## Work instructions
Give back the data exactly, with no images.

## Data for processing
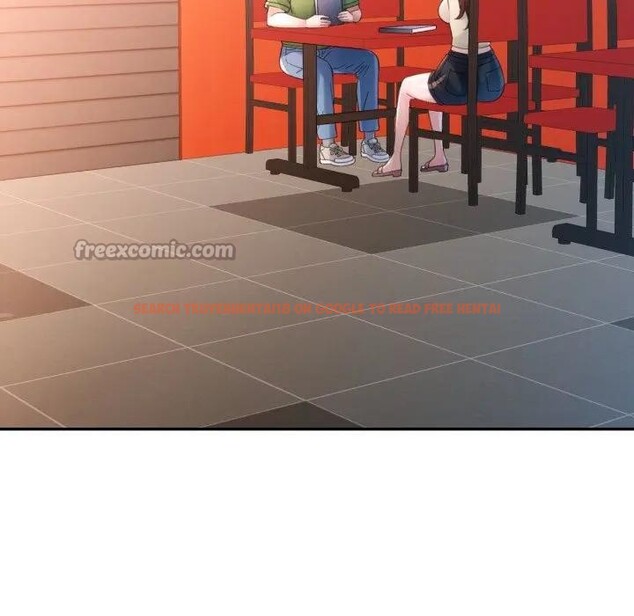 查看漫画特別課程 - 第4話 - tymanga.com中的4379404图片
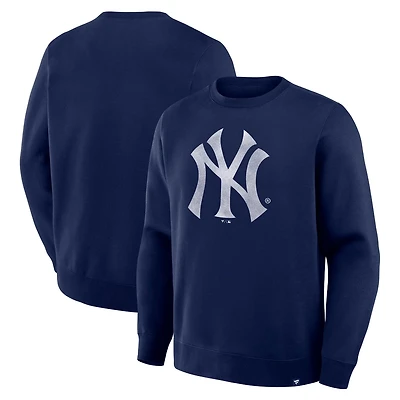 Fanatics New York Yankees Legacy Sweatshirt
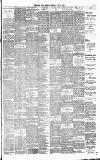 North Wilts Herald Friday 30 June 1899 Page 3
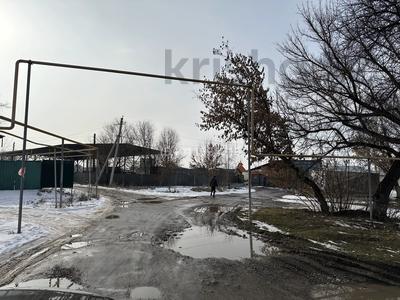 Промбаза · 130 соток, Ломоносова 1336 — Новостройка за 700 000 ₸ в Талгаре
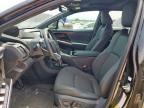 2024 Toyota Bz4X Xle продається в San Antonio, TX - Hail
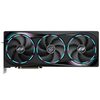 Vaizdo plokštė Gigabyte GeForce RTX 5070 Ti AORUS Master 16 GB GDDR7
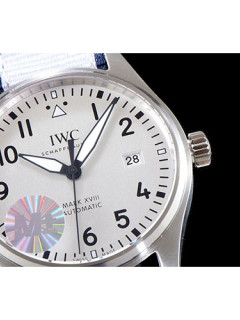 IW* 마크18 칼리버 IW327002-3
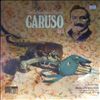 Caruso Enrico -- The Golden Voice Of Enrico Caruso, Vol. 3 (1)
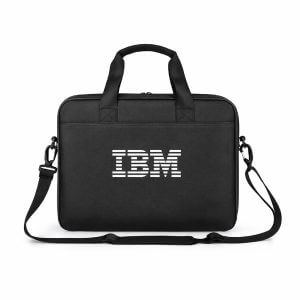 Bolsa de Fibra Macia para Laptop Personalizada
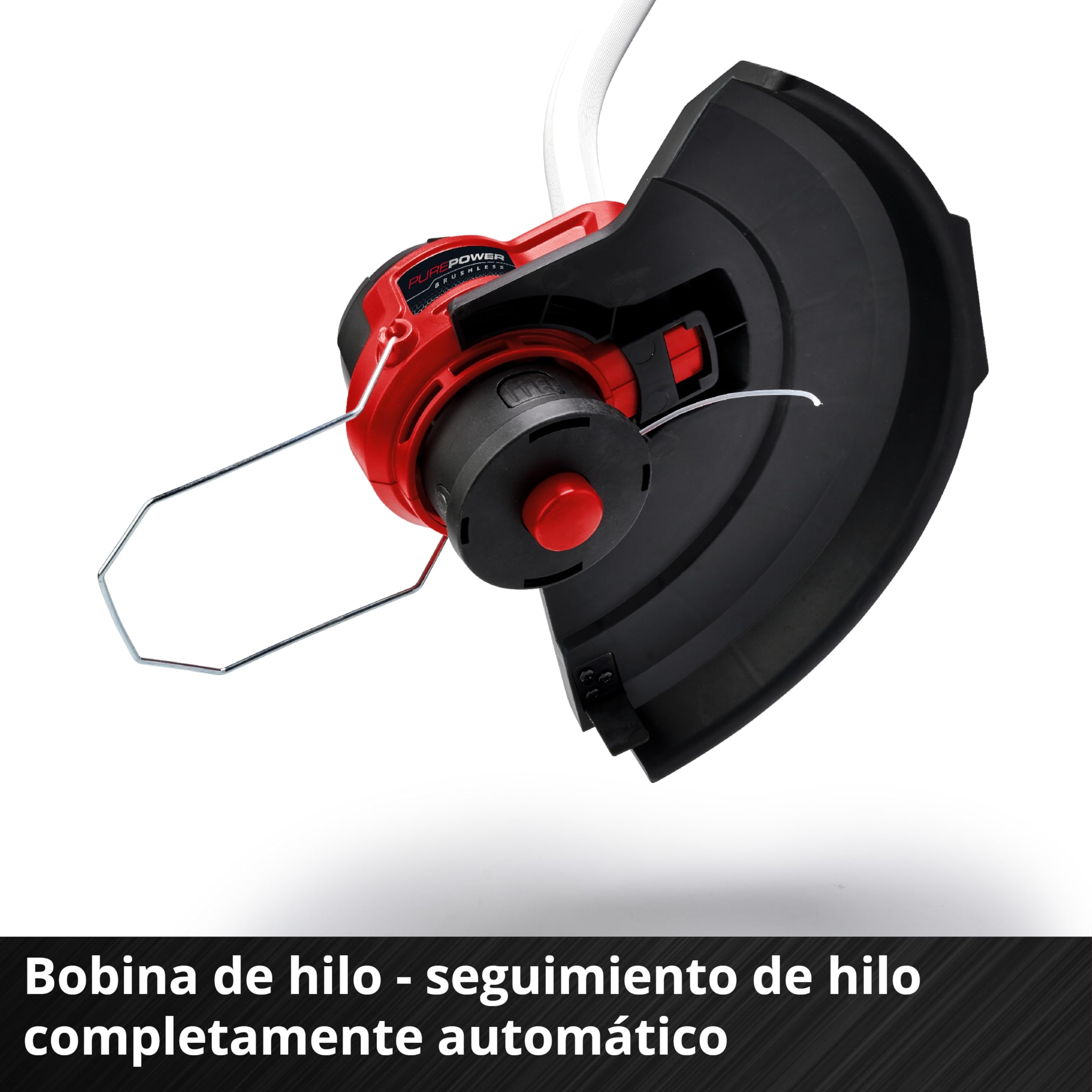einhell-professional-recortadora-de-c-sped-a-bater-a-gp-ct-36-35-li-bl-solo-powe image 8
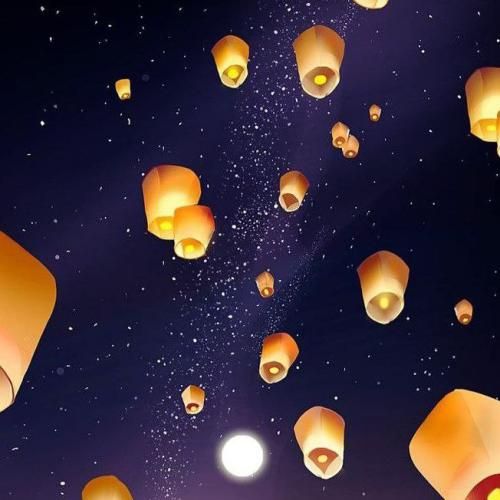 دانلود اهنگ جدید امین تیجی بنام بی وجدان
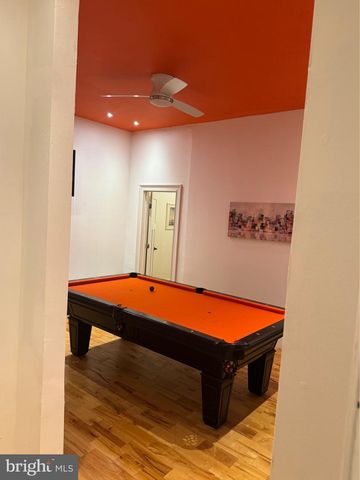 3527 SMEDLEY N, Philadelphia, PA 19140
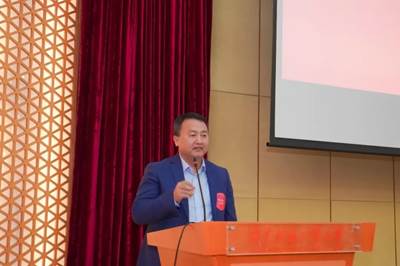 https://mmbiz.qpic.cn/mmbiz_jpg/sLGerdTz0B09mPk1YItG3MJ5uPLE14xBNyK7OLHlLwoQ70Wznk7MKOjhVBOwIjUTTaLbZHLnjZiabR2rXuIMBAw/640?wx_fmt=jpeg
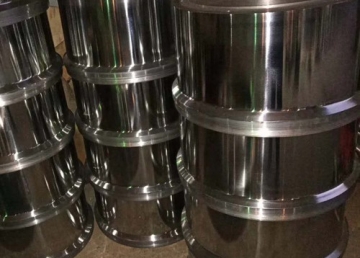 無錫陶瓷噴涂 捷創(chuàng)機(jī)械直銷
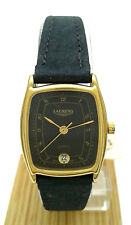 Orologio laurens anni usato  Ceggia
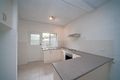 Property photo of 4/49 Kensington Road Norwood SA 5067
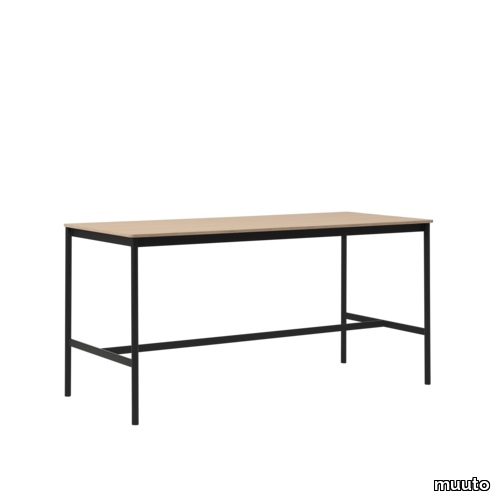 Base High Table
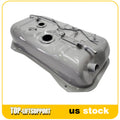 11 Gallon Fuel Tank for Suzuki Sidekick, Geo Tracker (1989–1996)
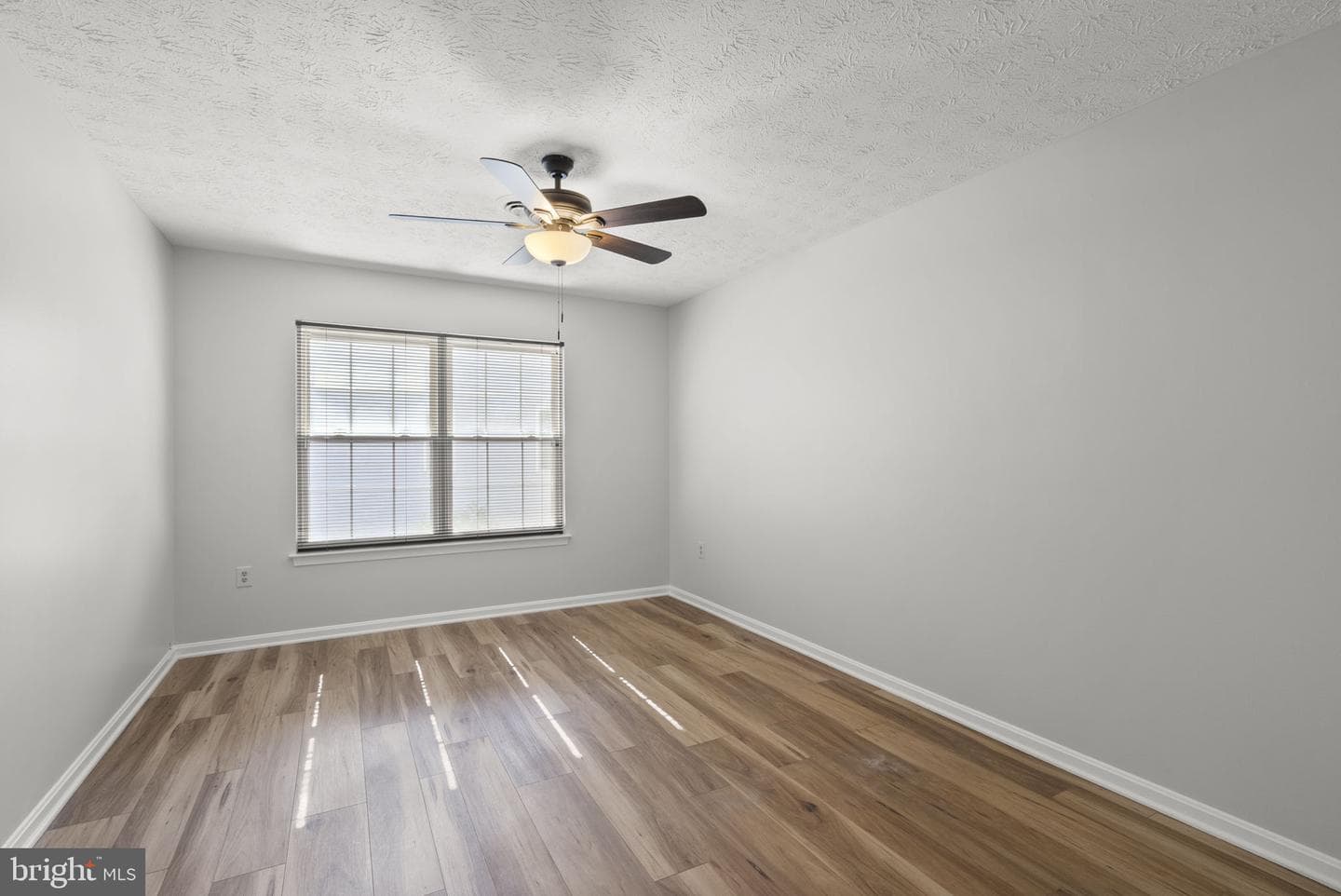 6113 Omar photo 42
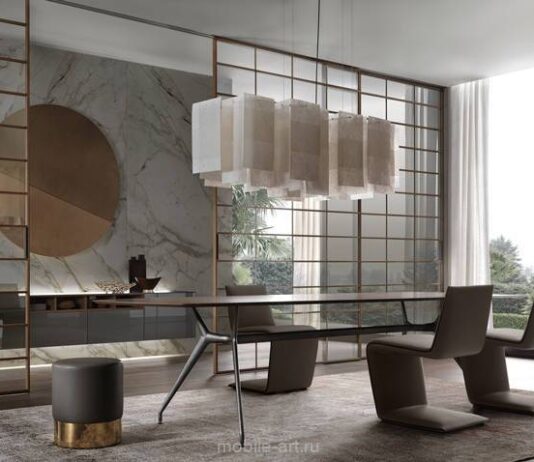 Двери как ключевой элемент интерьера и безопасности: полный гид по выбору, установке и уходу за современными дверными конструкциями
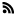 RSS Feeds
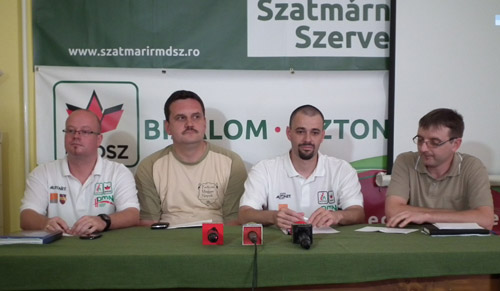 udmr-satu-mare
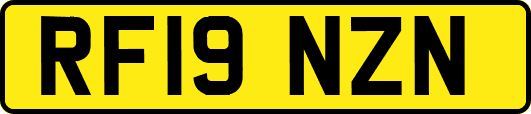 RF19NZN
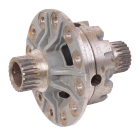 6520-2403016 Чашки дифференциала КАМАЗ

## Answer space
 查看漫画特別課程 - 第4話 - tymanga.com中的4379404图片
 Fanatics New York Yankees Legacy Sweatshirt
 North Wilts Herald Friday 30 June 1899 Page 3
 Промбаза · 130 соток, Ломоносова 1336 — Новостройка за 700 000 ₸ в Талгаре
 2024 Toyota Bz4X Xle продається в San Antonio, TX - Hail
 Vaizdo plokštė Gigabyte GeForce RTX 5070 Ti AORUS Master 16 GB GDDR7
 IW* 마크18 칼리버 IW327002-3
 Caruso Enrico -- The Golden Voice Of Enrico Caruso, Vol. 3 (1)
 Bolsa de Fibra Macia para Laptop Personalizada
einhell-professional-recortadora-de-c-sped-a-bater-a-gp-ct-36-35-li-bl-solo-powe image 8
 دانلود اهنگ جدید امین تیجی بنام بی وجدان
 3527 SMEDLEY N, Philadelphia, PA 19140
 https://mmbiz.qpic.cn/mmbiz_jpg/sLGerdTz0B09mPk1YItG3MJ5uPLE14xBNyK7OLHlLwoQ70Wznk7MKOjhVBOwIjUTTaLbZHLnjZiabR2rXuIMBAw/640?wx_fmt=jpeg
 無錫陶瓷噴涂 捷創(chuàng)機(jī)械直銷
 Orologio laurens anni usato  Ceggia
 Property photo of 4/49 Kensington Road Norwood SA 5067
 Base High Table
 11 Gallon Fuel Tank for Suzuki Sidekick, Geo Tracker (1989–1996)
 6113 Omar photo 42
 Двери как ключевой элемент интерьера и безопасности: полный гид по выбору, установке и уходу за современными дверными конструкциями
 RSS Feeds
 udmr-satu-mare
 RF19NZN
 6520-2403016 Чашки дифференциала КАМАЗ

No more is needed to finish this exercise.